Un dirigeant religieux sunnite affirme que Bagdad devrait faire confiance à ses habitants et les armer pour combattre l’Etat islamique en Irak
Mounir Hashim al-Obaidi est un religieux sunnite et un dirigeant de la société à Bagdad, en Irak (MEE)

Istanbul, Turquie – Mounir Hashim al-Obaidi arpente le hall de l'hôtel à Istanbul dans lequel nous avons rendez-vous pour parler de la crise qui affecte son pays d'origine : l’Irak. Il est très grand, physiquement imposant, mais il a le sourire amical et le comportement de quelqu'un qui reçoit naturellement le respect de ses pairs.

Mounir est professeur de droit à l’université Iraqiya de Bagdad. C’est aussi un dirigeant religieux reconnu par les Irakiens sunnites et célèbre pour son rôle dans l’organisation de manifestations contre le gouvernement en 2012 et 2013 pour contrer les dérives sectaires de l’ancien Premier ministre Nouri al-Maliki.

L'Irak est embourbé dans une guerre civile paralysante entre les forces gouvernementales et les miliciens chiites qui se battent pour reconquérir le territoire sous contrôle du groupe Etat islamique.

La guerre a souvent été dépeinte comme sectaire en raison de l’opposition, d’une part du gouvernement de Bagdad soutenu par l'Iran chiite et d’autre part de l’Etat islamique qui exploite les griefs à l’intérieur de la communauté sunnite.

Mounir, qui se déclare lui-même dirigeant islamique sunnite, réfute cette version et assure que le conflit est motivé par des questions politiques et assez peu par des différends religieux.

« La guerre en Irak est politique, les divisions entre sunnites et chiites sont seulement un prétexte », dit-il.

« L’Iran utilise les chiites irakiens pour atteindre son objectif politique d’augmenter son influence dans la région. L’Etat islamique utilise l’excuse de protéger les sunnites pour atteindre son objectif d’établir son contrôle sur les terres en Irak et en Syrie. »

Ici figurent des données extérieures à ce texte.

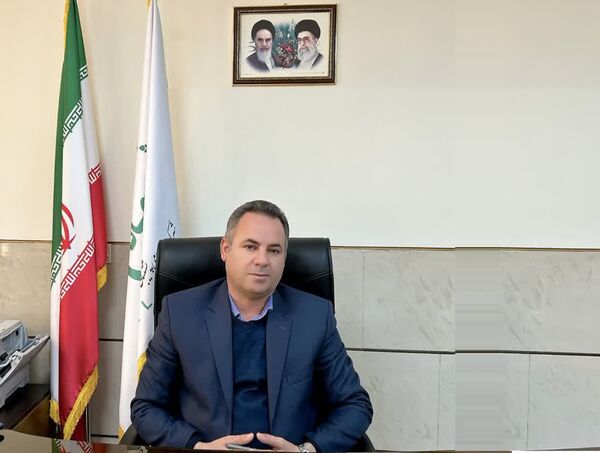 آغاز خرید حمایتی مرغ مازاد تولید در استان فارس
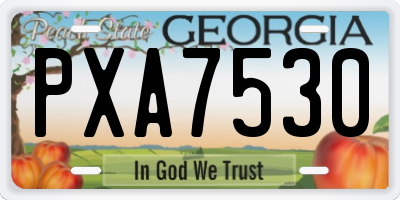 GA license plate PXA7530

« L’Irak est une pièce du puzzle d’une guerre régionale – elle pourrait même être considérée comme une guerre mondiale. On peut observer l’Occident – par là je veux dire les Etats-Unis et l’Europe – se battre contre la Russie et la Chine. Les Russes et les Chinois soutiennent l’Iran pendant que les Américains et les Européens soutiennent l’Arabie saoudite et d’autres pays du Golf. »

Bien qu'il souligne la part politique du conflit,  Mounir décrit avec empressement la manière dont, selon lui, les autorités dominantes chiites de Bagdad ont abusé des sunnites irakiens. Ces actes, dit-il, ont contribué à une désintégration complète de la confiance entre les deux communautés, permettant aux divisions sectaires de s’épanouir à mesure que le pays devenait de plus en plus fracturé.

Pour lui, les crises actuelles qui consument l’Irak ont leurs racines dans la guerre menée par les Américains en 2003. En effet une grande part des sunnites n’a pas pris part aux gouvernements qui ont suivi l’éviction de Saddam Hussein.

Beaucoup d’amis de Mounir ont rejoint des groupes de militants résistants à l’occupation américaine, qui a duré de 2003 à 2011. Lui-même ne s’est pas engagé. Au contraire, il a appelé les sunnites irakiens à rejoindre la police et les forces militaires de leur pays.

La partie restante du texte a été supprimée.